Los problemas con el alcohol y las drogas sumados a un desinterés casi completo por parte de Peckinpah tal vez fueron las razones por las que ahora pasado el tiempo ‘Los aristócratas del crimen’ sea casi insoportable, aún vislumbrando en ella un intento de cambiar algo en su cine, de satirizarlo más, de pasarse incluso un poco de rosca dentro de las convenciones del cine de acción de Hollywood. Detalles presumiblemente graciosos como lo comentarios de Locken durante la pelea final con espadas ninja o la fugaz aparición de un exhibicionista frente a un policía no terminan de encajar en el conjunto que posee un tono demasiado serio, quizá provocado durante el montaje —en el que incomprensiblemente sale acreditado Monte Hellman, a quien Peckinpah admiraba— en el que eliminaron gran parte de las ideas del director, así como un rebaje sustancial en la escenas violentas. En relación a esto cabe citar que los productores prohibieron a Peckinpah un final en el que aparecía un personaje volviendo de la muerte —el que interpreta Bo Hopkins— y que era una completa declaración de estar tomándoselo todo a coña.
En films posteriores de los que hablaremos en su momento, ese interés por exagerar las cosas por parte de Peckinpah, dieron su frutos, aquí se queda en un banal experimento, sucediendo además algo que no ocurre en las demás películas de su director: la trama, y lo que es peor, los personajes, no interesan. Éstos solamente bien descritos en los minutos iniciales —y sólo la pareja protagonista— carecen de fuerza y terminan perdiéndose en un batiburrillo de traiciones, agentes dobles, explosiones, tiros y peleas donde hay sitio incluso para ninjas, debido al éxito de los films orientales de acción en aquellos años. Uno de los guionistas, Stirling Silliphant, era muy aficionado a ese tipo de cine e introdujo el tema de las artes marciales en la trama. Aún así resulta sorprendente que Silliphant, con sobrada pericia en el cine de acción, participase en esta delirante propuesta filmada sin gusto por un Peckinpah cansado, enfermo sin duda y muy harto de todo.
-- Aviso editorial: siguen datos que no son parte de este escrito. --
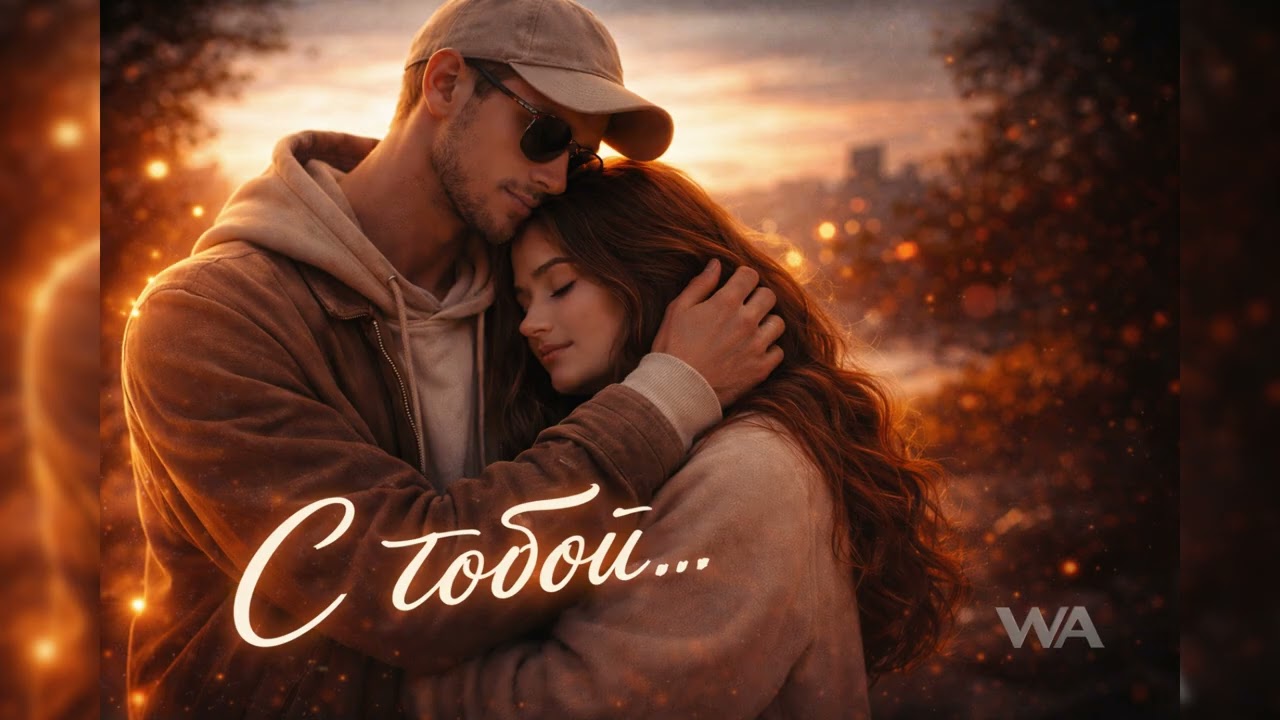 S toboj /  с Тобой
Ni siquiera un actor de la talla de Robert Duvall es aprovechado para la ocasión. Lo mejor de su personaje queda expuesto en los primeros minutos de metraje en los que su relación con el personaje de Caan muestra sus cartas más interesantes. El respeto, quizá algo más, que siente y demuestra por su compañero con detalles como los del zumo o la cruel broma sobre la infección vaginal de la mujer con la que Locken ha pasado la noche, hacen pensar en algo más que compañerismo. La traición posterior crea un muy interesante conflicto, pero inexplicablemente el film va cuesta abajo hasta resultar tedioso. ‘Los aristócratas del crimen’ fue un éxito pero no tanto como se esperaban o querían sus productores. A nivel profesional supuso la última colaboración entre Peckinpah y el compositor Jerry Fielding, lo que no deja de tener su punto triste. La crítica se dividió entre los que la consideraron una maravilla y los que pensaban que era mala. Me inclino más hacia la segunda tendencia, es más, a cada nuevo visionado es peor. Afortunadamente dos años después Sam Peckinpah se introduciría de lleno en la Segunda Guerra Mundial para desatar toda su furia y dejarnos a todos contentos.